Scraped caption text data:
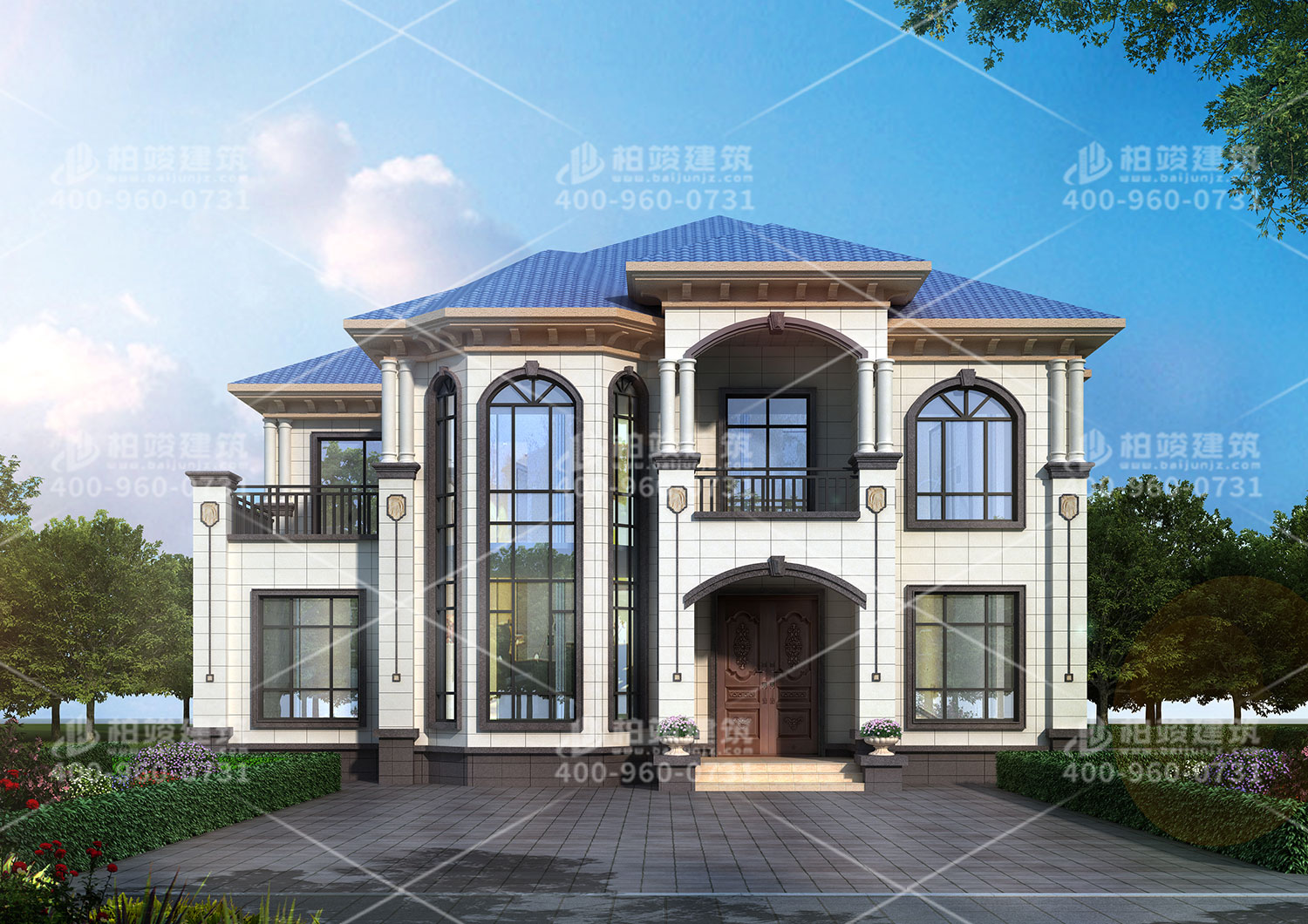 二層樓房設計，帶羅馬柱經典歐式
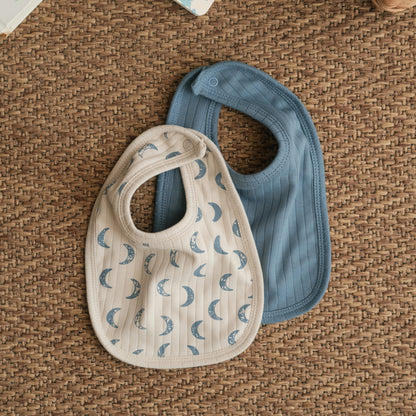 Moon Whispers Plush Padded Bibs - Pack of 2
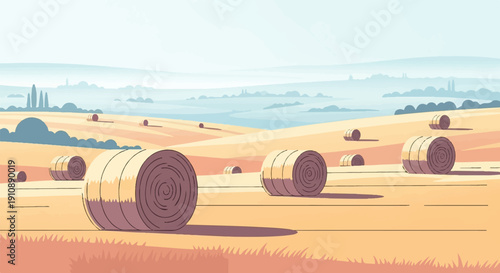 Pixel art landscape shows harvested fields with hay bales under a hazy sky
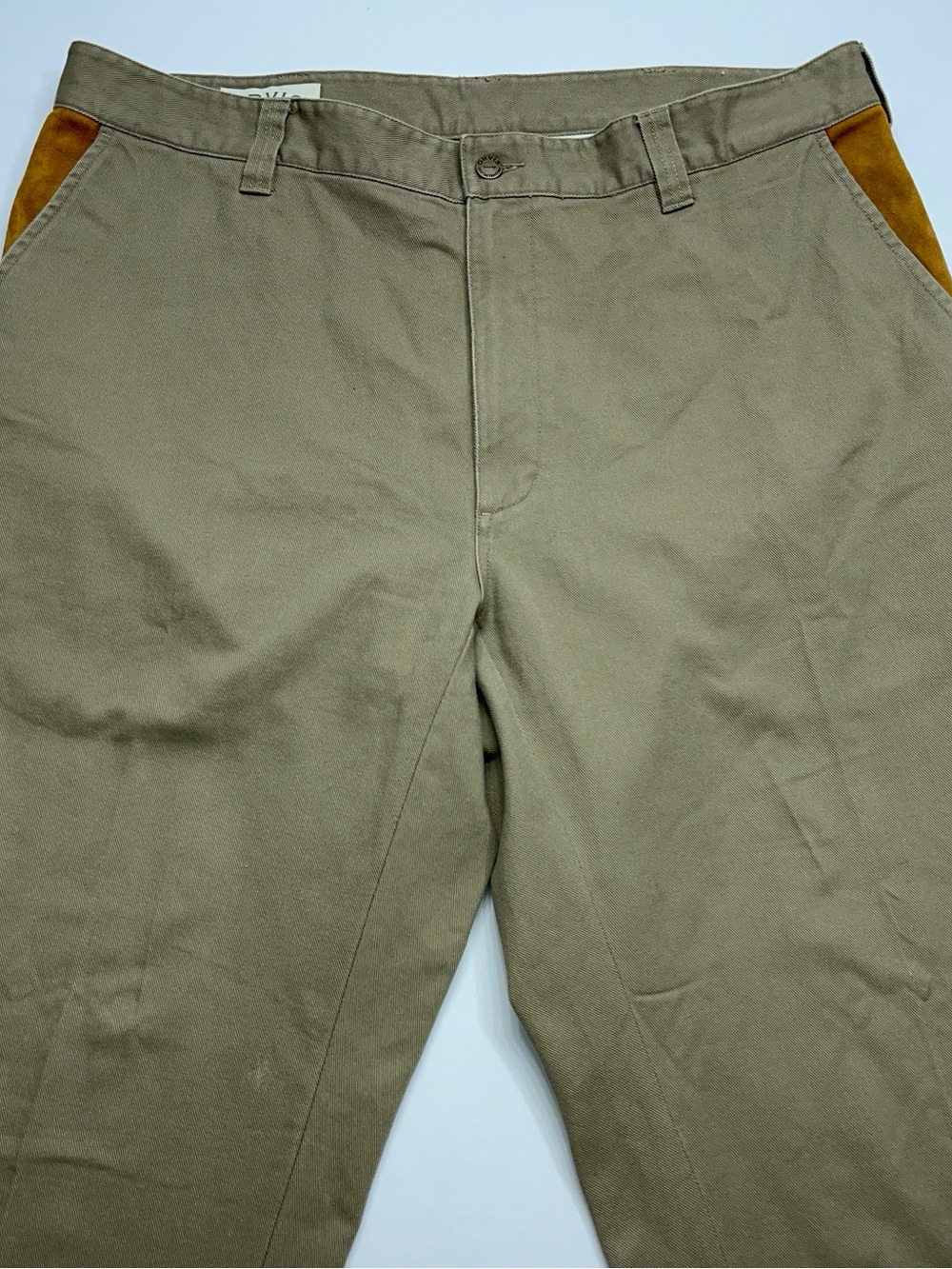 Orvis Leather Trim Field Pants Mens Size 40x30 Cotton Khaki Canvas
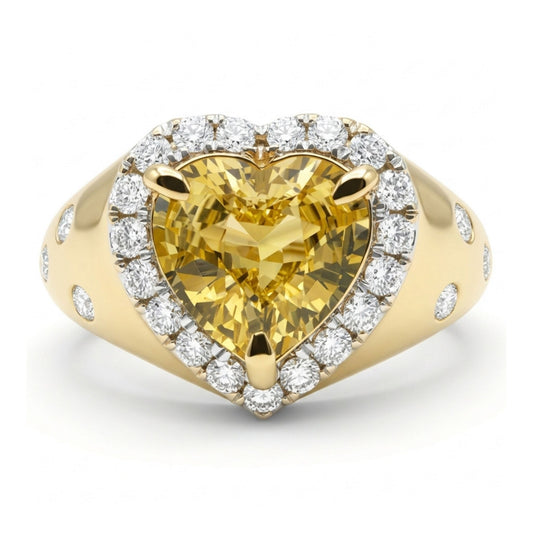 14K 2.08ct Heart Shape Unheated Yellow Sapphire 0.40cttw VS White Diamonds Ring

§ **WORK INSTRUCTIONS**: The range to set down runs from the line containing "Orvis Leather Trim" through the final line of the data, both ends included; give it exactly and drop the pictures.

§ **RESULT OF THE TASK**:
 Orvis Leather Trim Field Pants Mens Size 40x30 Cotton Khaki Canvas
 14K 2.08ct Heart Shape Unheated Yellow Sapphire 0.40cttw VS White Diamonds Ring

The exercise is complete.